Like that! :thumbsup: The Do-luck kit, spoiler and rims look nice on it! I like the colour too!


----------



## sparks (May 10, 2005)

Looks great mate , could you tell me what brakes you have front and back as i am looking to do an upgrade myself , pm if more appropriate as a guideline cost would be great as well !!

Thanks very much,

Sparks


----------



## Hedgehog Dodger (Jul 13, 2004)

:clap: to the car

 to the colour

:bowdown1: to the bird!


----------



## gtrlux (Mar 8, 2006)

Nice color choice, I love the light blues . . ..:clap: :clap:


----------



## Bandit (Jul 2, 2004)

That is simply stunning. The cars nice too. :bowdown1: opcorn:


----------



## 4age (Mar 18, 2005)

Very Nice Color!

Only thing I would change ist to remove the GT-R sign at the front and paint the 
wire web black (would look much more agressive!). Else :bowdown1: Are those Alcon Brakes? More Pics please :thumbsup:


----------



## mava_rules (Feb 22, 2006)

where did you get that spioler? and what is it called/type.
thinking about fitting to my 32 gtr.

car looks awsome, very nice indeed.


----------



## tails (Mar 10, 2006)

sexual am i wrong but were you in top gear??


----------



## Pulse D (Mar 26, 2005)

Very nice:clap:


----------



## Marky_GTSt (Dec 31, 2005)

Love the colour.... Thats really quite striking


----------



## sky101 (Apr 21, 2004)

*Glad you like it so far.*

To answer a few questions for you.

The brakes are by Alcon. Got them from Sumo power. Their not cheep, £1900+vat for the fronts, £1600+vat for the rears but I must say they really do work well ! !
It's a Do-luck rear spoiler, again from Sumo power. It's the same one as they have on their pink 350Z drift car. Costs about £1000.

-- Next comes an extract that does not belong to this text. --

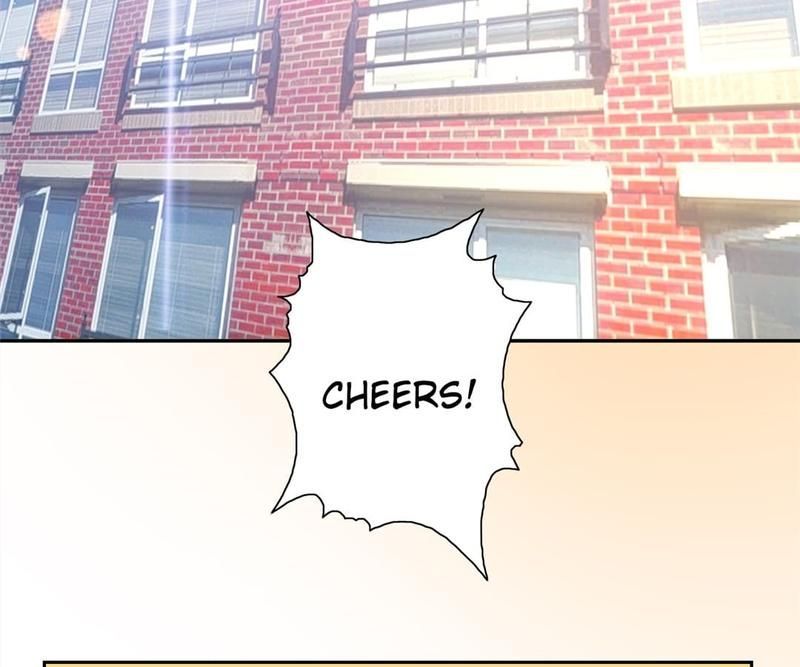 Pick Up the Prettiest Girl - Episode 41 — page 2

And as requested, a few more pics.


----------



## The Great One (May 14, 2003)

cant quite get all the picture in my 80 inch screen:chairshot


----------



## Rudolf (Oct 6, 2005)

The gap between the hood and the front didn't look good, And the hood itself wasen't my cup o tea. I would rather had done a TS or Nismo.

Cheers
Dennis


----------



## Chou (Apr 18, 2005)

awesome car mate! Just needs a bonnet lip in my humble opinion. Fantastic motor tho :thumbsup:


----------



## GTRJack (Aug 27, 2005)

Very nice paint job but is there something missing at the front grill?

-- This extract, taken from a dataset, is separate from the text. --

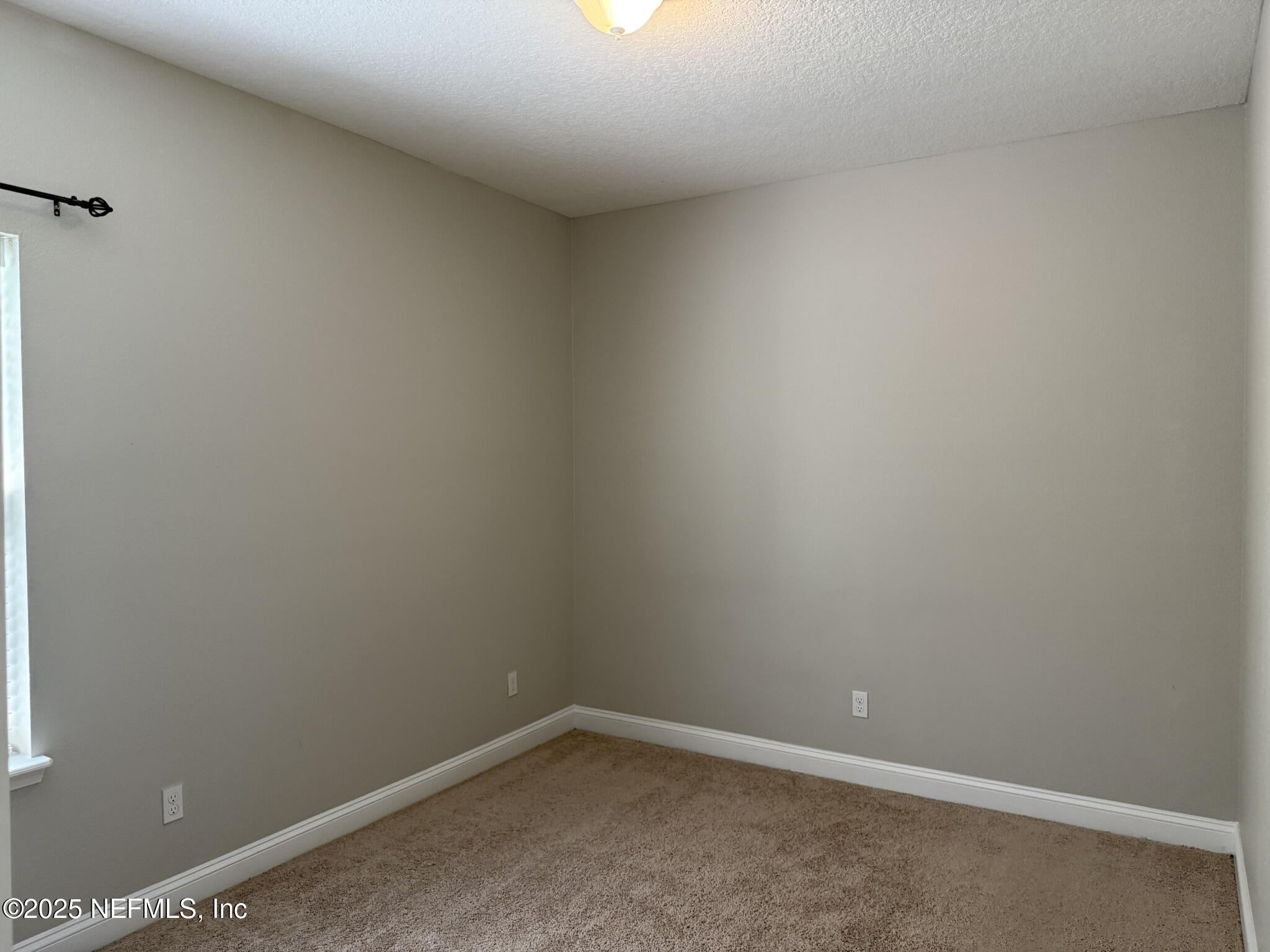 12198 Ridge Crossing Way Jacksonville, FL 32226 - Photo 12 of 28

Sorry I'm not a fan of that rear wing but overall very nice R34


----------



## gtrlux (Mar 8, 2006)

sky101 said:


>


 . .looks like the GTR is going to eat them all . . . bon appetit!


----------



## Nick MW (Aug 15, 2003)

Stunning looking car :smokin: 

I guess it is just missing the bonnet lip??


----------



## sky 1t (Nov 5, 2004)

Love the 2nd lot of pics, your talking my language now fella!:thumbsup:


----------



## Shakey Finch (Jul 5, 2005)

wicked car mate, only wish I had half as much taste as you! pmsl


----------



## Demon Dave (Sep 15, 2002)

Very, very nice.  

Not too keen on the spoiler, a little OTT for me, but the rest of the car is spot on :smokin:


----------



## Alex j B (Apr 24, 2004)

I saw this at Max Power live, unfortunately is was so blocked in with crap on the stand I couldn't get any good shots of it!

Absolutely gorgeous, perfect colour, one of the nicest kits, and the power to back it all up!

I think it might be better with Ganador door mirrors though and maybe the bonnet painted body colour, other than that its spot on! :thumbsup: 

Alex B


----------



## sky101 (Apr 21, 2004)

*Somethink missing from the front ?*

Your absolutly right chaps, there is somethink missing from the front. Still got part of the body kit that fits under the very front of the bonnet. Just have'nt had time to fit it yet.
As for the all the boxes around the car at Max power, your right. I was well chuffed when Kicker asked me to show the car at Max power, but the cars possition, and the boxes around it never really done the car justice.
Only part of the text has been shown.